[WHAT IS NEEDED]:
Leave out the pictures and output the data verbatim.

[INFORMATION SHOWN]:
* * * * * * *
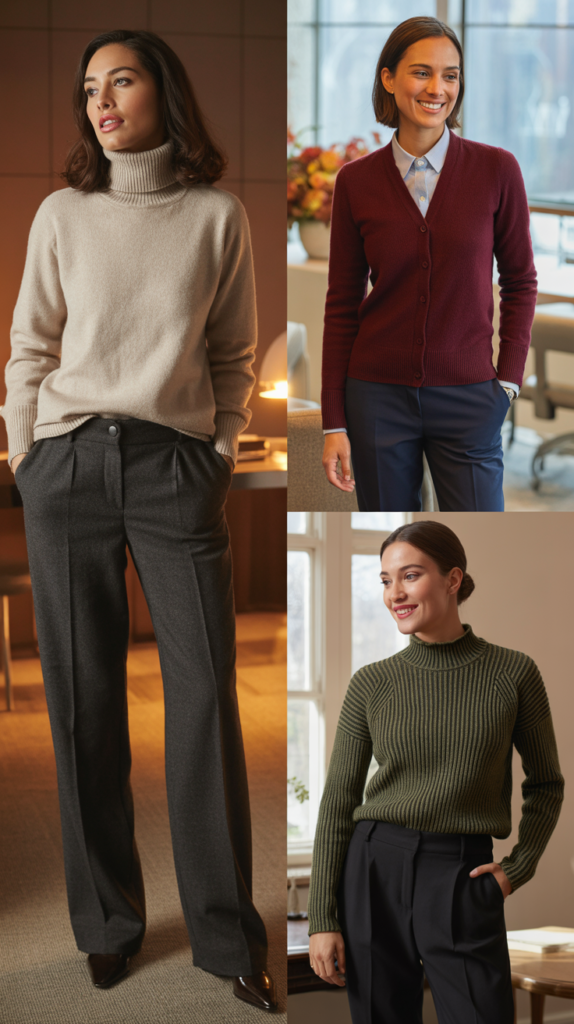 Sweater and Dress Pants Pairing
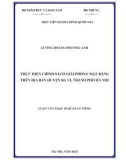 Luận văn Thạc sĩ Quản lý công: Thực hiện chính sách giải phóng mặt bằng trên địa bàn huyện Ba Vì, thành phố Hà Nội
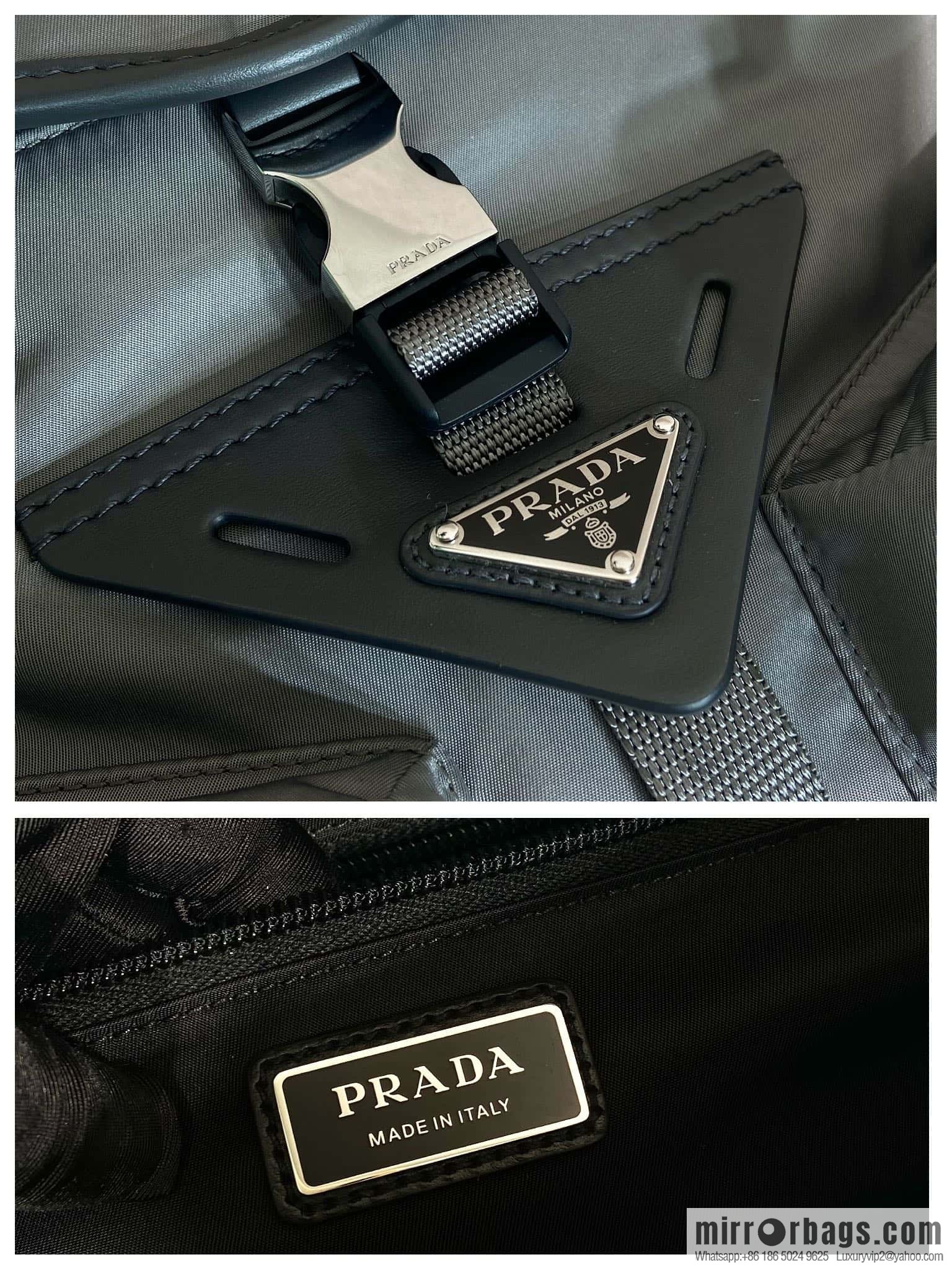 PRADA new men's bag 🎉 2VD062 oblique span bag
* * * * * * *
[RESPONSE FOR THIS EXERCISE]:
 Sweater and Dress Pants Pairing
 Luận văn Thạc sĩ Quản lý công: Thực hiện chính sách giải phóng mặt bằng trên địa bàn huyện Ba Vì, thành phố Hà Nội
 PRADA new men's bag 🎉 2VD062 oblique span bag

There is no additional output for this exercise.